Shorthand Collection

Shorthand Collection

The Shorthand Collection was inspired by Mariko’s paternal grandmother, Roma Joleen Marshall Busch. Joleen was raised in the very small town of Alice, Texas where she excelled in shorthand in school. At that time, shorthand symbols were practiced and memorized, allowing for rapid handwritten notation that could later be transcribed in full. Following WWII, and upon graduating high school, Joleen left Texas for California where she put her shorthand skills to use while working for a motor company in Los Angeles. Not long after her arrival,  the dictaphone began to replace the need for live dictation and shorthand fell out of use. 
 
One day in 2019, when Mariko was visiting Joleen in her assisted living community, Joleen casually handed her a copy of the Miniature Gregg Shorthand Dictionary (pictured below) that she carried with her in the 1940s. Joleen was in the process of parting with some of her possessions and asked Mariko if she wanted it. The beautiful, ancient looking symbols that were so commonplace and utilitarian for Joleen, were absolutely mesmerizing to us. How could these incredibly beautiful symbols have essentially disappeared from use within a lifetime? What was just another skill women of Joleen’s generation had to learn in order to succeed in 1940s America, was a true art form to us and much too special to let go of completely. Thus, the Shorthand Collection was born. 
 
The original pendant created for the Shorthand Collection is a hand carved design, what we now call our Tablet Necklace. The idea was to create something that looked like it had been discovered half buried in the sand of the past, similar to the practice of shorthand itself. After carving the first pendant in wax and casting it in gold, we decided on a sandblast finish, further referencing the worn-with-time element. We both looked through Joleen’s original miniature Gregg Shorthand Dictionary and settled upon two words that felt true to the sentiment of this collection.
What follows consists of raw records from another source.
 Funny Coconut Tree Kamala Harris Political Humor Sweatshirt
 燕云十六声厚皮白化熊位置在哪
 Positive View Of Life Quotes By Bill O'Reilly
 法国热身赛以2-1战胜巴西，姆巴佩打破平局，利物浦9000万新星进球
We made our samples using these two symbols, engraved by hand in downtown L.A. by a talented artist we have worked with since EMBLM’s inception.
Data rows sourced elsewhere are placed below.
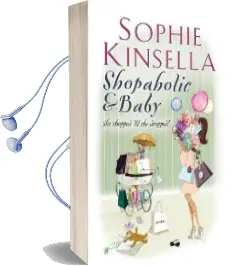 Shopaholic & Baby: (Shopaholic Book 5) Audiobook download free by Sophie Kinsella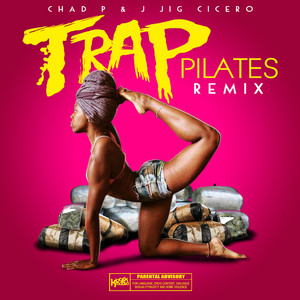 Trap Pilates (Remix) by Chad P, J Jig Cicero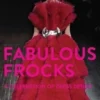 Fabulous frocks. Edition en anglais, Jane Eastoe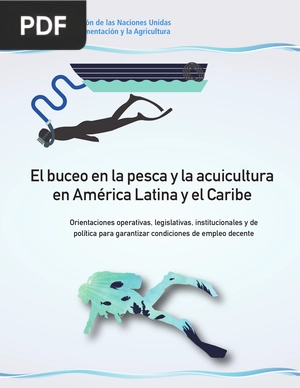 El buceo en la pesca y la acuicultura en América Latina y el Caribe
“Love” – a universal emotion that was also personally reflected in Mariko’s connection to her grandmother. 
“Ablaze” – a word that conjures up images of a Phoenix rising from the ashes, breaking down old barriers to reveal a new possibility, something women and marginalized members of society have continued to do with every generation. 
 
Our Custom Tablet Necklace can be customized with the shorthand symbol of your choice, limited only by the availability of words symbolized during shorthand’s common use. 
 
We have also expanded the Shorthand Collection to include our Initial Necklace, a circular pendant with a high polished finish, evocative of an ancient coin that has been smoothed with use. During the social uprisings of 2020, we felt it imperative to make an artistic statement and engraved our Initial Necklace with the shorthand symbol for “Justice.” All profits from sales of the Justice Necklace are donated to the ACLU, a non-profit organization dedicated to defending the freedoms and civil liberties of all Americans
 
In an era where everything is moving at warp speed, and content is being produced at an exponential rate, it’s important to ground ourselves in the history that has inspired some of our designs. By honoring the women who came before us, who excelled in the positions available to them while forging new paths and taking risks in order to create new spaces for themselves in society, we pay respect to them for paving the way.